画像を利用したチャットボットで
メンテナンス受付業務を効率化
「Minervae ViBOT」(ミネルヴァ ビボット)は、クレスコが2017年9月にリリースした画像認識チャットボット作成ソリューションである。
同社は「IBM Watsonエコシステムプログラム」が発表された2015年7月当時からのエコパートナーであり、(株)フォーラムエンジニアリングがWatsonを使って構築した人材マッチングシステムの開発に携わっている。
その経験をもとに、知恵を司るローマ神話の女神の名をブランド名に冠したAIソリューション、Minervaeシリーズの開発に着手した。同シリーズの第1弾は、2017年4月にリリースしたWatson PoC支援サービス「Minervae PoCKET」。そして第2弾が、前述したMinervae ViBOTである。
Watsonソリューションで今最も多いのが、チャットボットサービスである。ただしそのほとんどが、自然言語によるテキスト認識を中心にしている。これに対してMinervae ViBOTは自然言語でのやり取りに加え、ユーザーが送った画像を認識して自動応答するチャットボットを作成できる点が大きな特徴である。
Minervae ViBOTでは、同社独自のチャットボット作成ツールに加え、Watsonの画像認識APIである「Visual Recognition」(以下、VR)と「Natural Language Classifier」(以下、NLC)を使用し、LINEのユーザーインターフェースなどでユーザーとのやり取りを可能にする。もともとは、チャットボットによるメンテナンスや修理の受付システムを想定して開発された。
「画像を使用することの最大のメリットは、修理の依頼や問い合わせの対象となる商品や製品の種類、型番、さらにその不具合の状況・状態を正確に伝え、やり取りの回数や時間を最小化できる点にあります」と語るのは、先端技術事業部の髙津聡事業部長(兼 スマートテクノロジーオフィス 室長)である。
たとえば、家電製品に関する修理依頼のケースを想定してみよう。テキストだけのチャットボットの場合、顧客は画面から、修理依頼したい対象の名称(たとえば洗濯機)、型番、状態(どこが、どのくらい、どうなっているか)などを何度もテキストで入力せねばならない。しかし画像を送信すれば、これらの情報を的確に、かつ短い時間で伝えられる(型番の認識はテキストを変換して読み込むのではなく、VRがあらかじめ学習した画像により認識させている)。

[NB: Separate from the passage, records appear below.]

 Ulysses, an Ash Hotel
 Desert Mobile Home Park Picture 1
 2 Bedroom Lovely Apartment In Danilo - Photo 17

あるいは靴底の摩耗度診断のケースでは、顧客が靴底の写真を送ることで、摩耗度(大・中・小)とソールの種類(レザーやラバーなど)をVRで認識し、概算の修理費用や修理後のイメージ画像、近隣の修理交換所などを伝える。
対応内容や流れは、ユーザーが描くシナリオに沿ってさまざまだが、緊急度が高いと判断すれば、コールセンターの電話番号を表示させる、オペレータに通知しチャットを有人対応へ切り替えるといった処理が可能。オペレータが引き継いだ場合も、それまでのやり取りの履歴が一目で把握できるので、対応時間の短縮や品質の向上につなげられる。
当初想定した利用領域を越えて
さまざまな業務で検討
Minervae ViBOTは初期費用が100万円?、月額利用料が50万円?。LINEやその他のコミュニケーションツールをインターフェースに利用する場合は、月額3万円?。カスタマイズには、別途見積もりで対応する。またトライアル版も用意されており、本番と同等の機能が2カ月75万円で利用できる。トライアル版の利用後に本番導入する場合は、月額費用が初月無料となる(上記価格はいずれも税抜)。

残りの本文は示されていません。